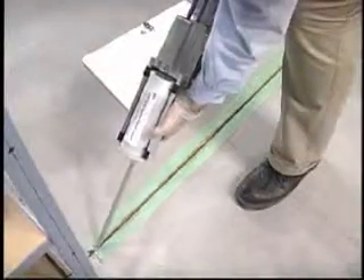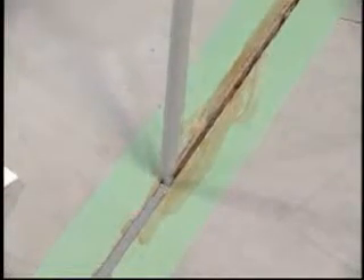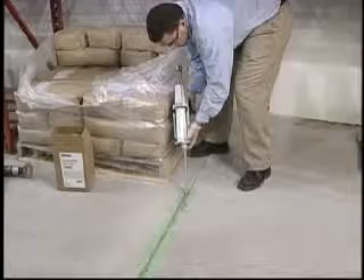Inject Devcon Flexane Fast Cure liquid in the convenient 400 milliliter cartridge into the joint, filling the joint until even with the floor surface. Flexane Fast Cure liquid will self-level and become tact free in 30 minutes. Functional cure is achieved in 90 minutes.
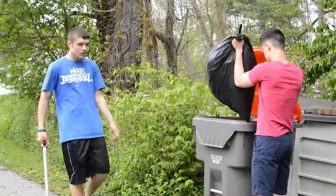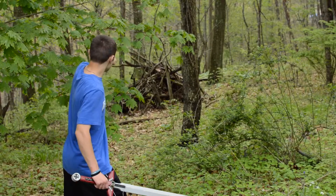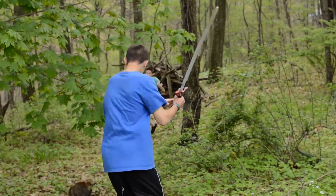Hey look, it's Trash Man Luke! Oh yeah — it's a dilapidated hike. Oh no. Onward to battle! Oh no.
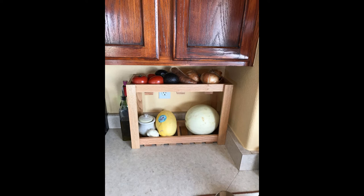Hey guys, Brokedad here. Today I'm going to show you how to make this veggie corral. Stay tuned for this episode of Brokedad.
* * *
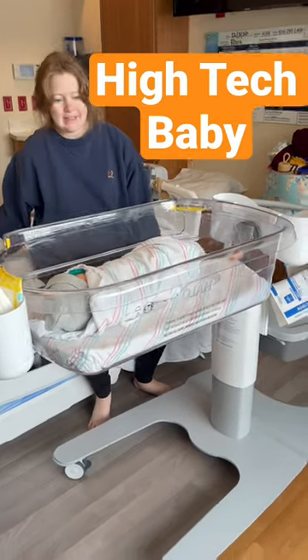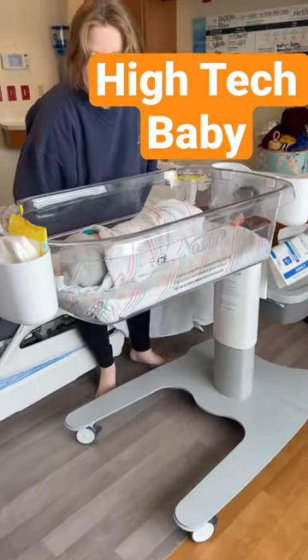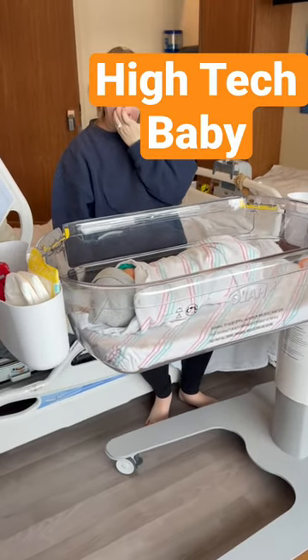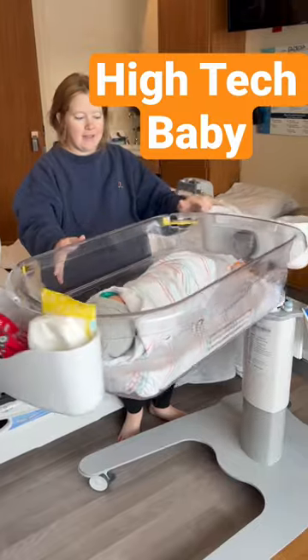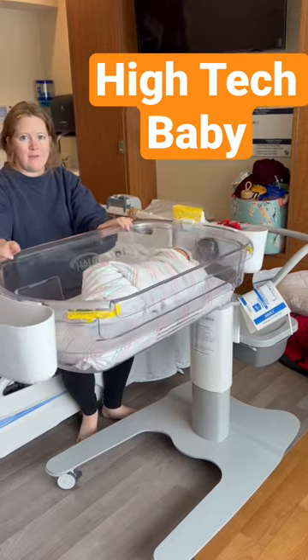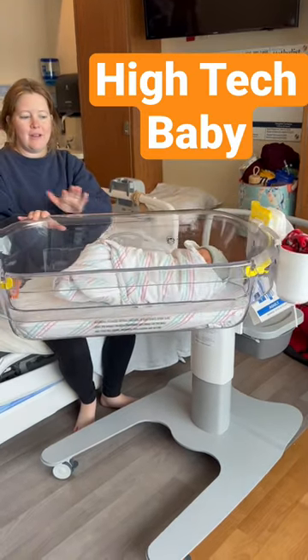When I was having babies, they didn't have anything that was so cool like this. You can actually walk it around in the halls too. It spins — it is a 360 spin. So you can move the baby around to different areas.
---
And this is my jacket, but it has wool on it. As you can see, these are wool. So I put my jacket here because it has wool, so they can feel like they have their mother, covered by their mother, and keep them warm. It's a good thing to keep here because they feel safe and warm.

* **WORK REQUIRED**:
Though the entries above contain pictures, none should be copied; reproduce only the lines between the one holding "Hey look, it's" and the one holding "Hey guys, Brokedad", inclusive, exactly as written.

* **SOLUTION TO THIS PROBLEM**:
Hey look, it's Trash Man Luke! Oh yeah — it's a dilapidated hike. Oh no. Onward to battle! Oh no.
Hey guys, Brokedad here. Today I'm going to show you how to make this veggie corral. Stay tuned for this episode of Brokedad.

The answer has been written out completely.